Last year, Dr. Zernicka-Goetz’s team and Dr. Hanna’s team used embryonic stem cells from mice to make models of embryos. Since then, they and other scientists have been trying to do the same with human embryonic stem cells.

Each team has used a different method, but they all take advantage of the same underlying biology. By the time a human embryo implants itself in the uterus, its cells have started to diverge into different types. One type of cell will go on produce the cells of the body. The other types will produce tissues that surround the embryo during development, such as the placenta. These cell types send out molecular signals to each other that are essential for their development.

The researchers coaxed stem cells to mimic some of these cell types and then mixed them together. The cells swarmed together and spontaneously organized into clusters. The cells destined to become the embryo huddled in the middle, while the other types migrated to the outside.

As the cells communicated to each other, they divided and formed new structures that resembled parts of embryos. Dr. Mo Ebrahimkhani, a developmental biologist at the University of Pittsburgh, and his colleagues observed the formation of a yolk sac in their experiment, for example. Out of the yolk sac, they even observed the development of progenitors of blood cells.

Dr. Zernicka-Goetz and her colleagues likewise watched the development of cells that resembled the precursors of eggs and sperm.

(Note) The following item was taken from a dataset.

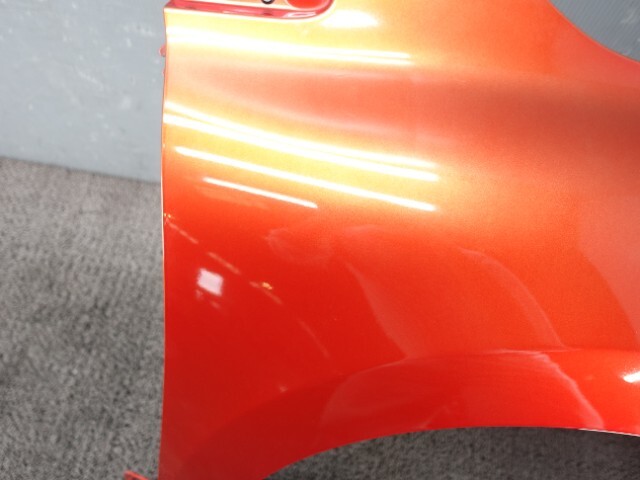 9275 Renault Lutecia RH5F крыло правый NNP (O1-1)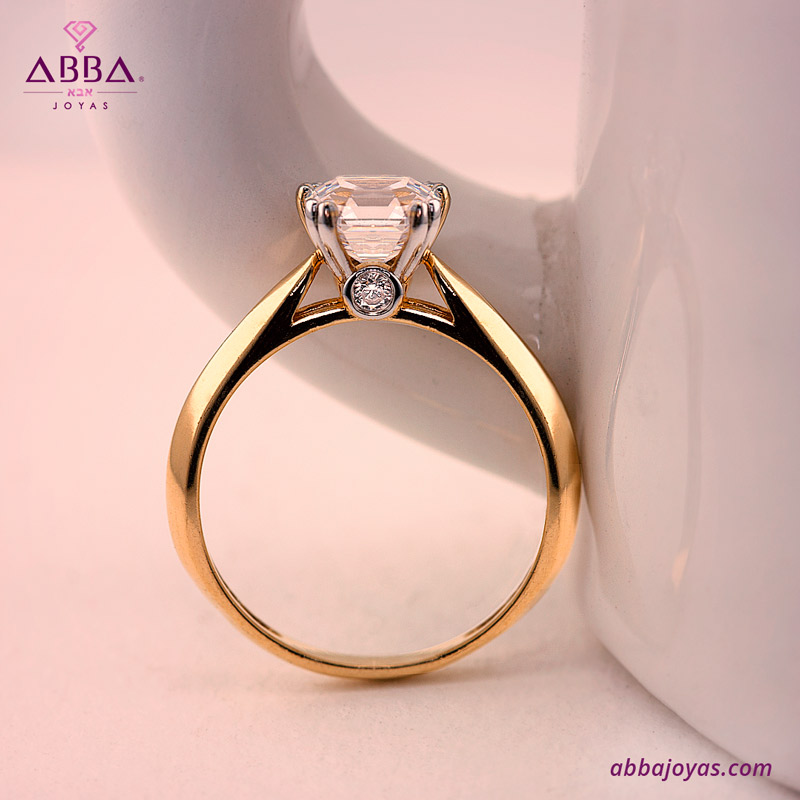 ANILLO DE COMPROMISO SOLITARIO ASSCHER ORO 14K ABBA JOYAS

“This was absolutely thrilling,” Dr. Zernicka-Goetz said. “It’s sometimes hard to believe that these stem cells are growing into these structures.”

If scientists can create close, reliable models of embryos, they will be able to run large-scale experiments to test potential causes of pregnancy failures, such as viral infections and genetic mutations.

The models could lead to other medical advances too, noted Insoo Hyun, a member of the Harvard Medical School Center for Bioethics who was not involved in the new studies.

“Once you get the embryo models in place and you can rely on them, that can be an interesting way to screen drugs that women take when they’re pregnant,” he said. “That would be an enormous benefit.”

Dr. Hanna and Dr. Ebrahimkhani also saw a possibility of using embryo models as a new form of stem-cell treatment for diseases such as cancer.

In conventional stem-cell transplants, doctors remove blood stem cells from the bone marrow before killing cancer cells with radiation or chemotherapy. They then return the healthy cells to the body.

Unfortunately, this method does not have a high success rate. Some researchers have suggested that earlier forms of stem cells would be more likely to cure patients.

Embryo models might make it possible for doctors to turn back time. Researchers would take skin cells from a patient and douse them with chemicals to put them into a stem-cell-like state. With other chemical baths, those stem cells could then be turned into an embryo model, which could in turn develop into the early blood cells the patient needs after a transplant.

Alysson Muotri, a developmental biologist at the University of California San Diego who was not involved in the new studies, cautioned that the new studies demonstrated only a preliminary step. For one thing, while the techniques sometimes resulted in embryolike clusters, they often failed.

“The work is in very early stages, and the current methods are far from reliable,” Dr. Muotri said.